On our very first trip to Europe, in 1968, we visited the Pergamon Museum in what was then East Berlin, which contains the altar to Zeus from Pergamon (now Bergama). Its massive proportions -- it was the largest altar in antiquity -- and its beautiful frieze left an overwhelming impression that has not diminished in subsequent visits. The opportunity to see the place from which this altar came was one of the appealing features of this tour. My next picture shows its former location, centered on the tree to the right, just below the top of the acropolis. Christians destroyed it in the sixth century and incorporated its pieces into a fortification wall. In the late nineteenth century the German archaeologist Carl Humann excavated these pieces, took them to Berlin, and reconstructed the altar.
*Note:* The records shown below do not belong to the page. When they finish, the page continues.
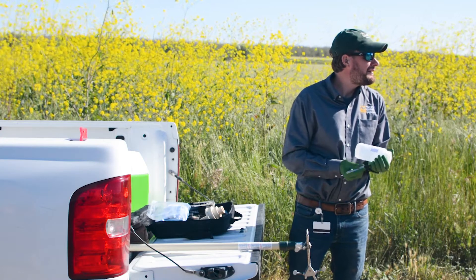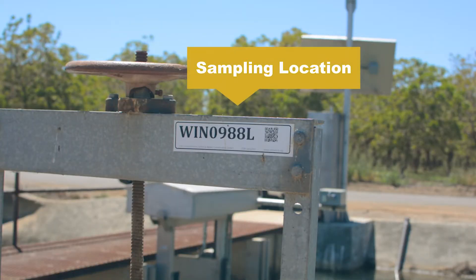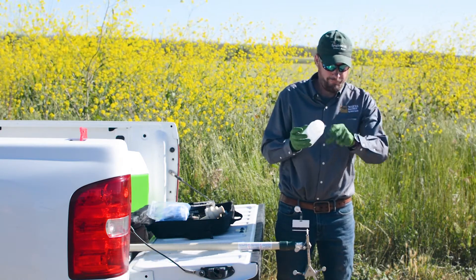Next, clearly label the outside of the sample containers with required information. Include the sampling location, the date, time, GPS location, and initials of the person taking the samples.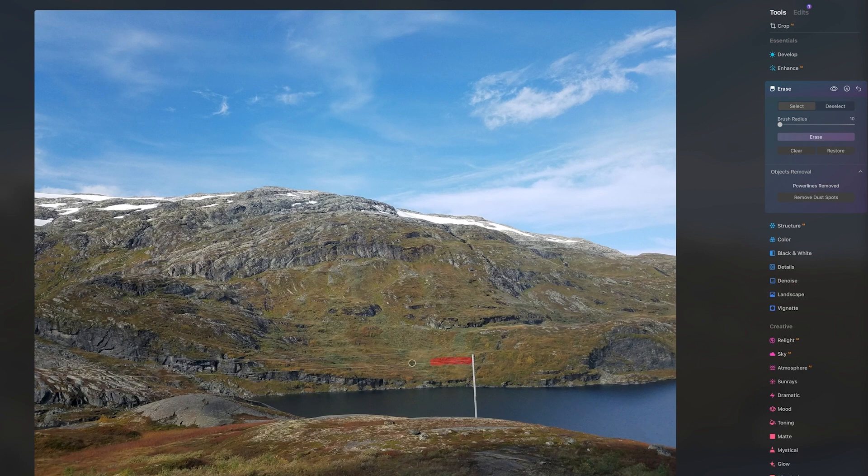So in just about 20 to 30 seconds, I end up having a photo that looks like this. Now, obviously, there are other ways you could do this. In other software, you could take a small clone stamp tool and meticulously paint all over this. Maybe you'd save a little bit of detail, but it certainly wouldn't take you 20 seconds. So if you want to use AI technology to help make you more efficient, Luminar Neo is worth a look. Thank you.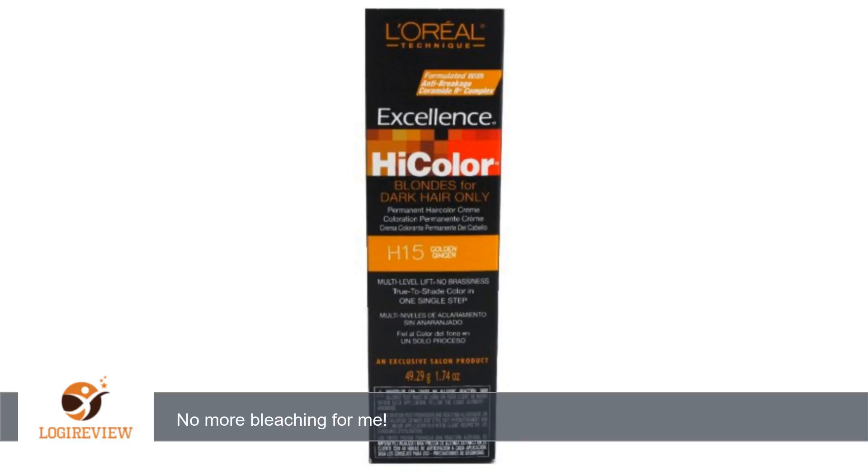This stuff is great and less damaging to your hair than using bleach. The tub will last me a long time, since I only use it to make 2 highlights on the left and right side of my head, and then 2 peekaboo highlights under my hair.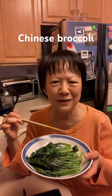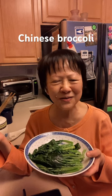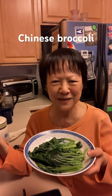Look at it, it's very shiny. Unlike the restaurant, they pour some oil over it — at home we don't need to do that. I hope you give it a try and let me know. Thank you for watching. Bye now.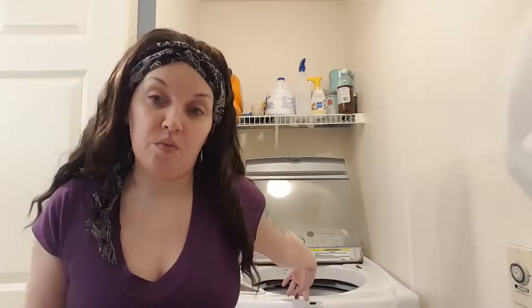So the first thing I'm going to do is get started with filling the machine with hot water. You want to make sure it's hot water. So I'm going to do that and I'll be right back.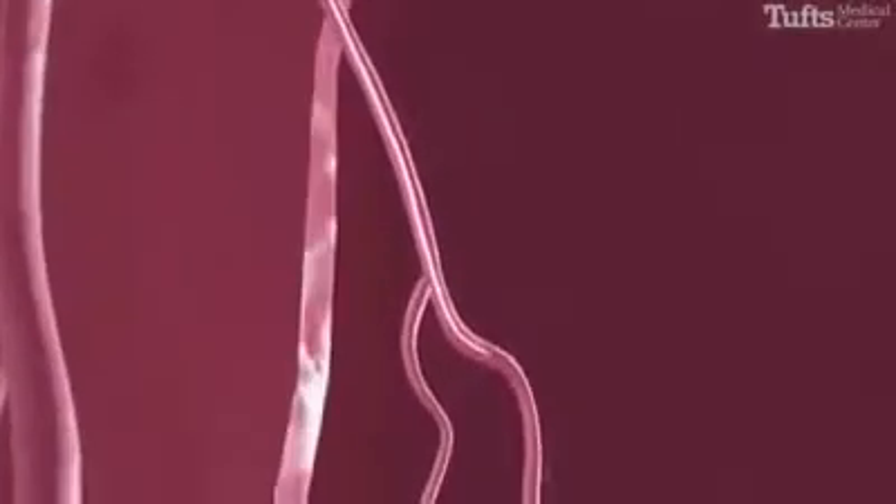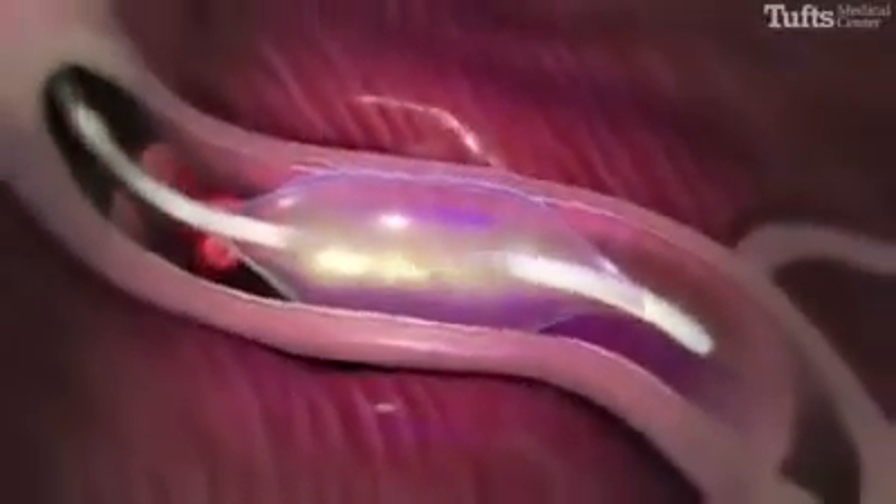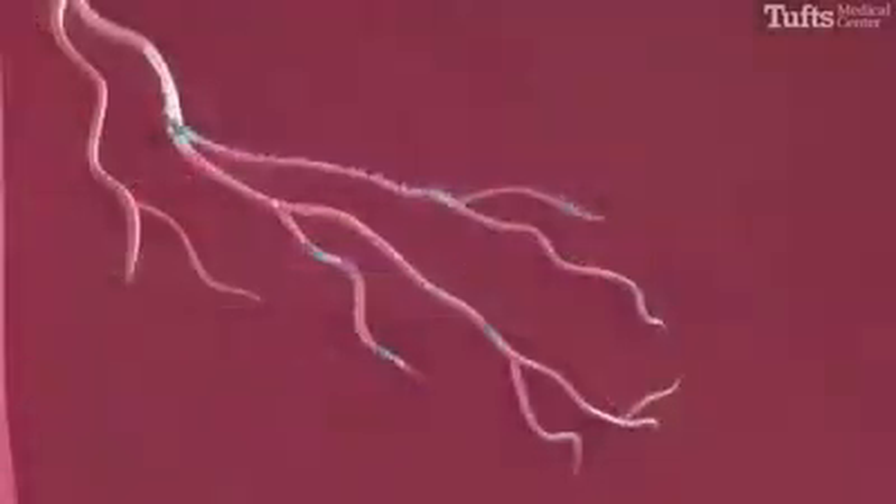Once the catheter is properly positioned in the septal artery, a tiny balloon at the tip of the catheter is inflated, blocking blood flow. One to two cc's of absolute alcohol is then injected through the catheter and into the septal artery.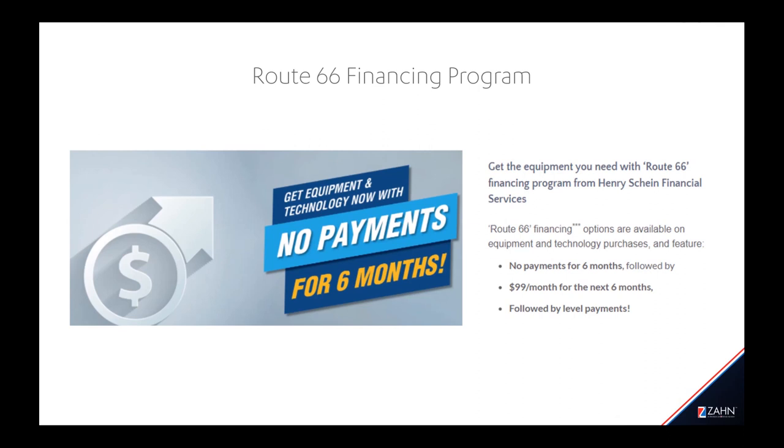Zahn has a new financing program called Route 66, which does not require any payments for six months — meaning no payments until 2023. If you have any questions about the Route 66 financing program, please contact your Zahn representative, who will connect you with someone from Henry Schein Financial. Thank you so much to everyone who came out to listen today, especially to Carl for putting together such a great presentation on 3Shape and the importance of this design process. Wishing everybody a wonderful rest of their day.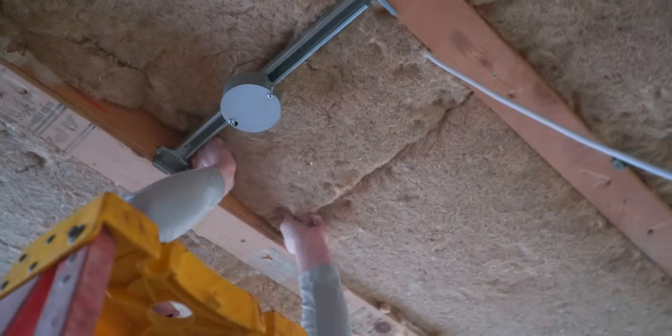Hemp Wool is a high-performing fiber bat insulation product that's made from 92% industrial hemp. It can be cut and placed into your stud bays to insulate your thermal envelope, as well as insulate from sound.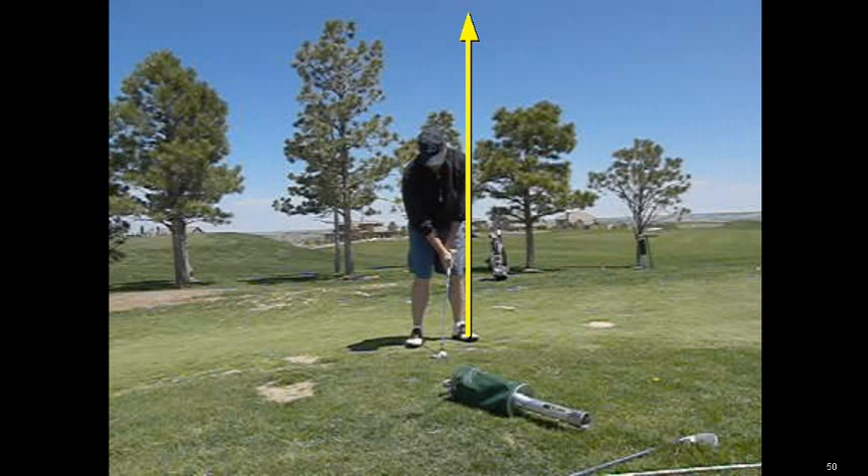Hi, I'm Tom Stickney, Golf Magazine Top 100 Instructor, and today we're going to talk about common problems that you're going to face at home. You can see this particular gentleman comes in and is complaining of not hitting the ball very solid on his pitch shots.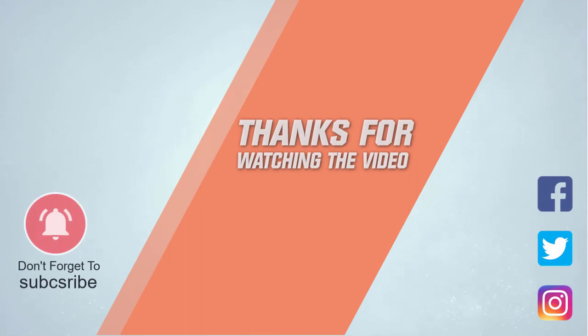For more details, click the link in the description. Thanks for watching the video.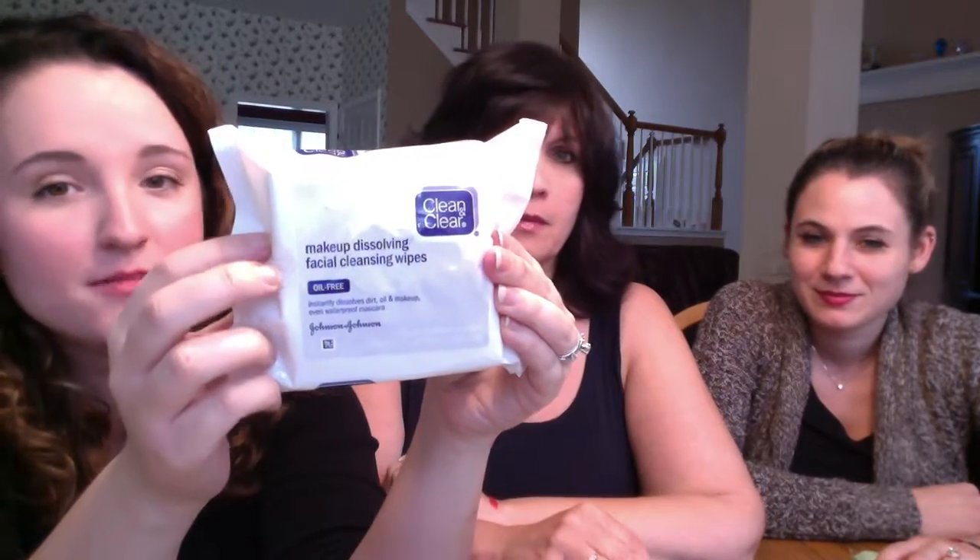First up — Clean and Clear Makeup Dissolving Facial Cleansing Wipes. I have bought these time and time again. No joke, they really dissolve makeup, including waterproof mascara. I have mascara on my hand — let's try it. I'll do this half. You don't want to use it too hard on your eyes. I do take my makeup off pretty vigorously. Show everybody how it came off — I did have it slathered on!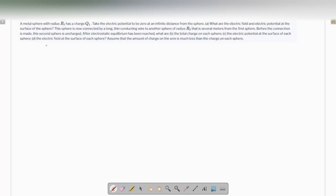Let's talk about this question. We are given that a metal sphere of radius r1 has a charge of q1, and we have to take the electric potential to be zero at an infinite distance from the sphere. Part A asks what are the electric field and electric potential at the surface of the sphere.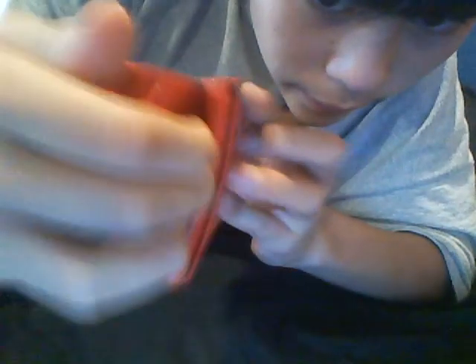Closes nicely. Then you have a hidden pocket there which goes all the way across the wallet. This is the first time I've done this design before.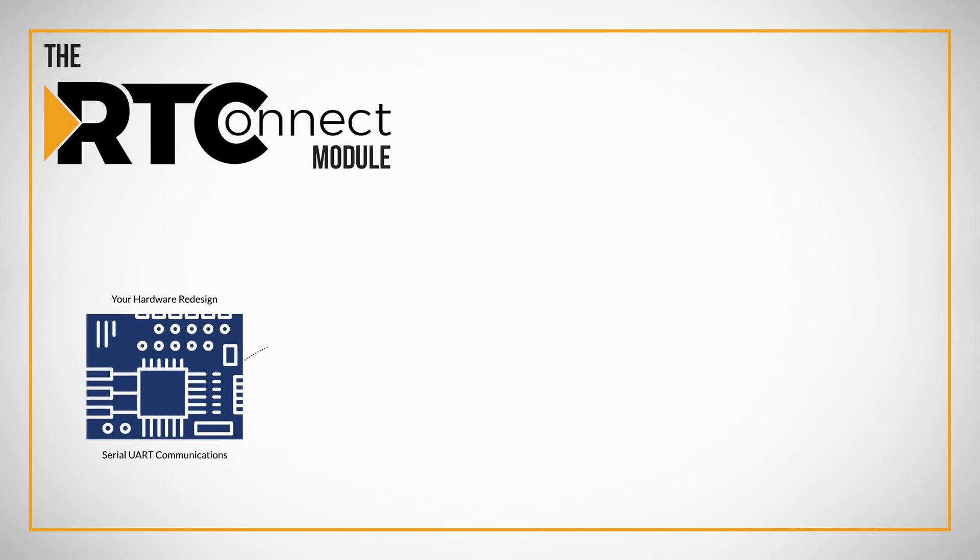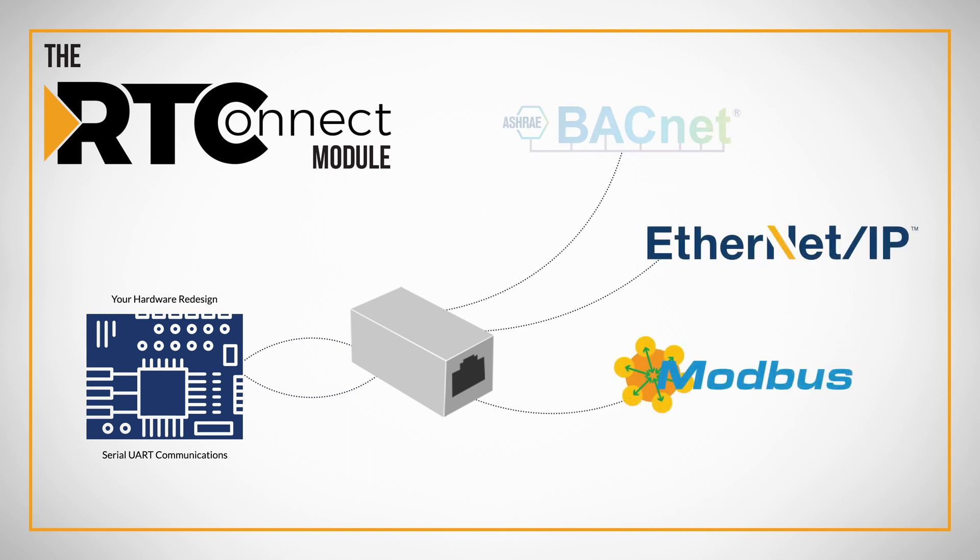You simply route 3.3 volts DC and your serial UART to our device, and on the other side you have Ethernet-based protocols: EtherNet/IP, Modbus TCP, and BACnet IP. You have nothing to change in your firmware — it is a simple hardware design.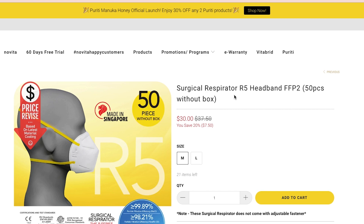Hello everyone and welcome to the AcuMed channel. Today we're excited to be reviewing Novita respirators model R5. Here's the listing. We purchased them through Novita's website. They come in a pack of 50 for $30.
The entryway to the temple of Athena that was above it is also in Berlin. The theater next to which the altar stood was the steepest one in the ancient world and seated 10,000 people.
 
The last of the Pergamene kings bequeathed his kingdom to the Romans in 133 BC, and they made it the capital of their province of Asia. In the second century AD they built a temple of Trajan as an imperial cult temple at the top of the acropolis, on a platform supported by arches. It was designed to be seen from afar, and its partial reconstruction serves that purpose once again.
 
Below, in the valley, stands the Asclepium, a healing sanctuary of Asclepius, the god of healing. Treatments included sacred waters, the interpretation of dreams, even surgery. The famous physician Galen practiced here in the second century AD. Its  facilities included a hospital, rooms for the patients, a theater, a library, and a round temple dedicated to both Zeus and Asclepius, modeled on the Pantheon in Rome. My last picture shows its foundation.